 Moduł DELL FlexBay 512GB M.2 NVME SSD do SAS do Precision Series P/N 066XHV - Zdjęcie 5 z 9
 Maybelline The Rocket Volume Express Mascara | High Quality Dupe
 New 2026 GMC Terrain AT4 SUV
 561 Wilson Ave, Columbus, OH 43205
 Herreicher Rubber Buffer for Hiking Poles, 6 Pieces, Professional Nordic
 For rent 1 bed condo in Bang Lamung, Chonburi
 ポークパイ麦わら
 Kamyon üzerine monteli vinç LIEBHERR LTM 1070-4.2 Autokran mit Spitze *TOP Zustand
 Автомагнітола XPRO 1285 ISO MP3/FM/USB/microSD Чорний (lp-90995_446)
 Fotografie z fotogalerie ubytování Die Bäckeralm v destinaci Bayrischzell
=======
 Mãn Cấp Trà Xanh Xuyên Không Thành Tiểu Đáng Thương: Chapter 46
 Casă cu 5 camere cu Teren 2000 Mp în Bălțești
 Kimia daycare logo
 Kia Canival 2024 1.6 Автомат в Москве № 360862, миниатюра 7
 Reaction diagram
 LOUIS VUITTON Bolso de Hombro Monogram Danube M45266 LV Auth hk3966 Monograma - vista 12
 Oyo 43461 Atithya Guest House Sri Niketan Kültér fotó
=======
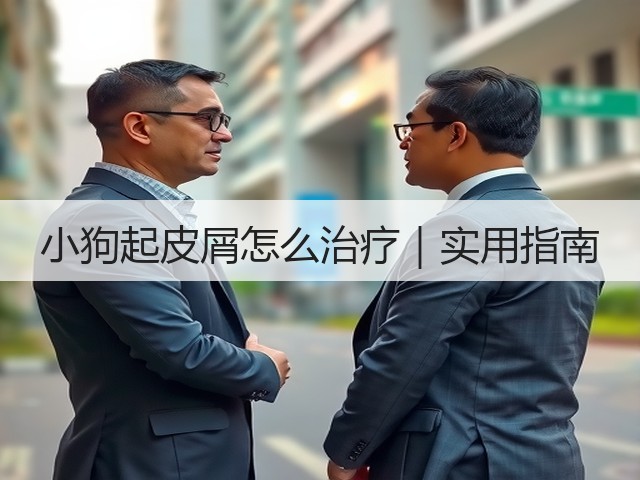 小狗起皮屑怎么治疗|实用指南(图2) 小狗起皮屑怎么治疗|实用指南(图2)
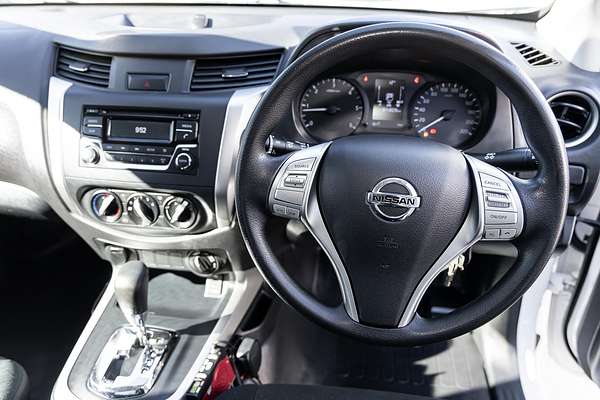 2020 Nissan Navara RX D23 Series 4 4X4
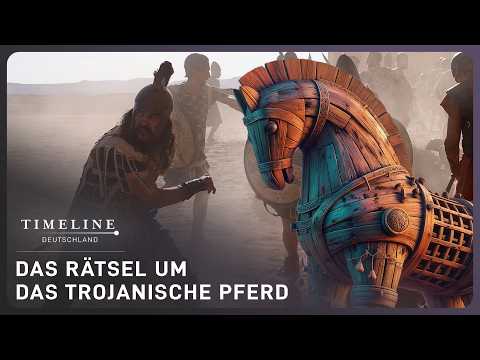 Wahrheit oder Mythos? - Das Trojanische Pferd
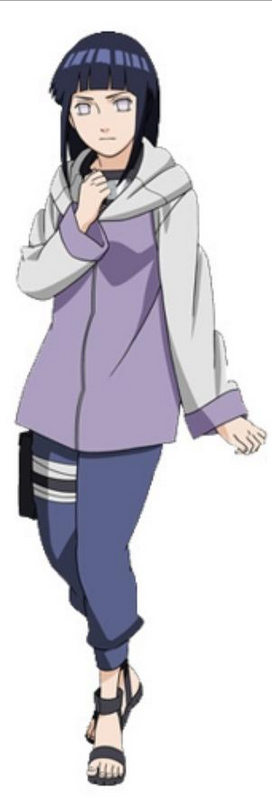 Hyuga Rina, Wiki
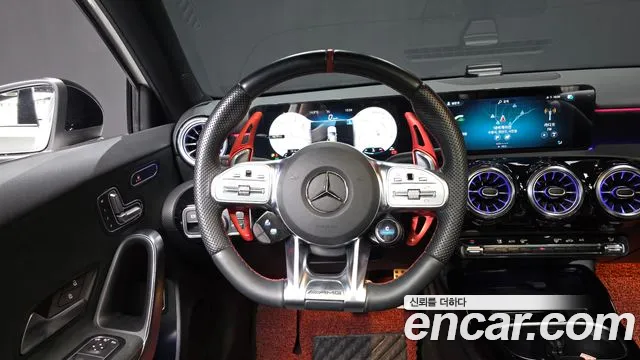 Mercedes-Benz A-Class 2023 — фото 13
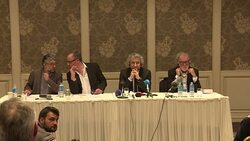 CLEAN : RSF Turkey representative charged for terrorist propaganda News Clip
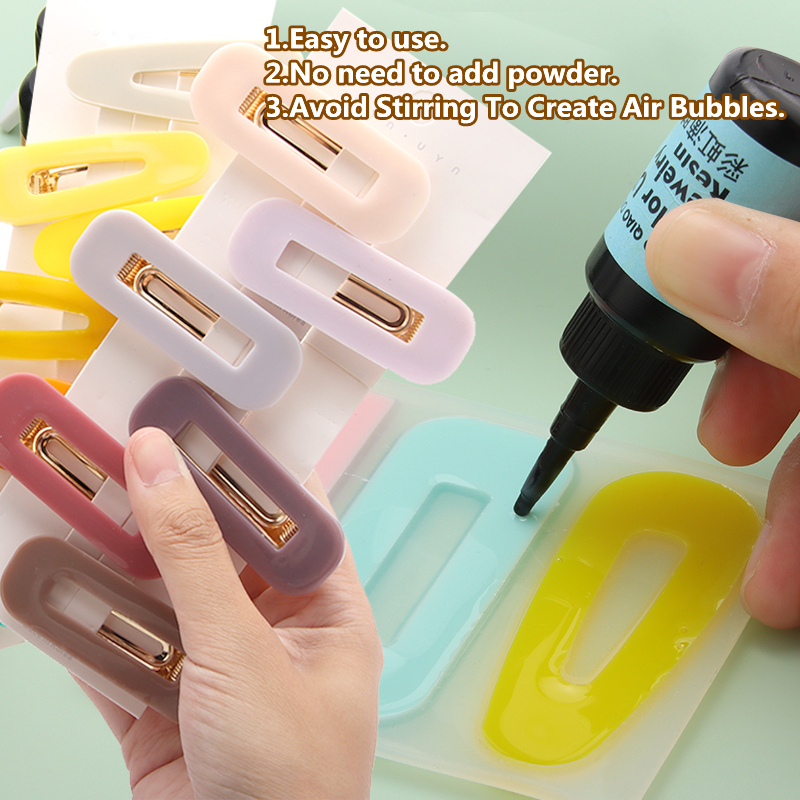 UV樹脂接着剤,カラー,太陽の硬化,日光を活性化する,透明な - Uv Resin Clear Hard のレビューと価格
=======
Exercise directions: Take the stretch of lines above from the one containing "Maybelline The Rocket" through the one containing "Kamyon üzerine monteli" and repeat it exactly, adding no other line.

Written answer:
 Maybelline The Rocket Volume Express Mascara | High Quality Dupe
 New 2026 GMC Terrain AT4 SUV
 561 Wilson Ave, Columbus, OH 43205
 Herreicher Rubber Buffer for Hiking Poles, 6 Pieces, Professional Nordic
 For rent 1 bed condo in Bang Lamung, Chonburi
 ポークパイ麦わら
 Kamyon üzerine monteli vinç LIEBHERR LTM 1070-4.2 Autokran mit Spitze *TOP Zustand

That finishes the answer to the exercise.